● **Input records**
------------------------------------------------
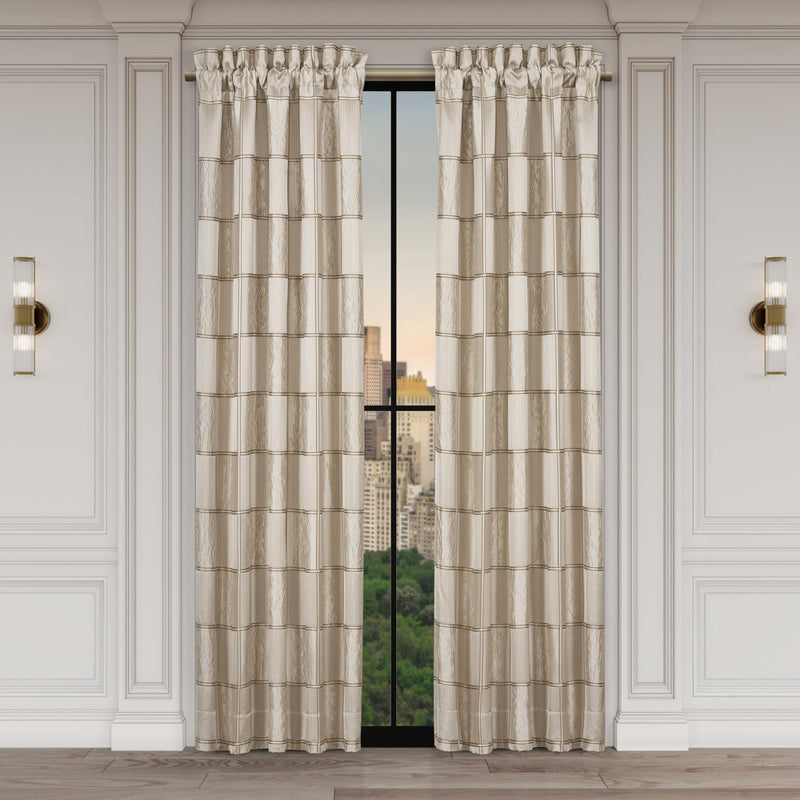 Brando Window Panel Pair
------------------------------------------------
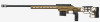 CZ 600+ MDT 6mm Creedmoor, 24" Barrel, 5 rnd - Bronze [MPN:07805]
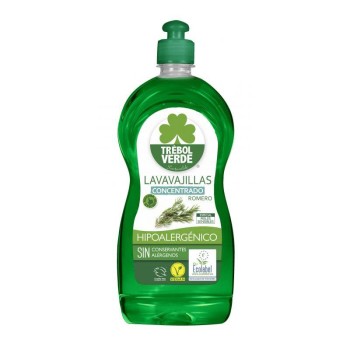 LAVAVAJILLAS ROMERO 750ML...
------------------------------------------------
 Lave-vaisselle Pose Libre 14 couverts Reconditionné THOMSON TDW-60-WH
------------------------------------------------
● **Task statement**
What are the lines above from the one with "CZ 600+ MDT" to the one with "LAVAVAJILLAS ROMERO 750ML...", both included? Reproduce them exactly, without pictures.

● **Task result**
 CZ 600+ MDT 6mm Creedmoor, 24" Barrel, 5 rnd - Bronze [MPN:07805]
 LAVAVAJILLAS ROMERO 750ML...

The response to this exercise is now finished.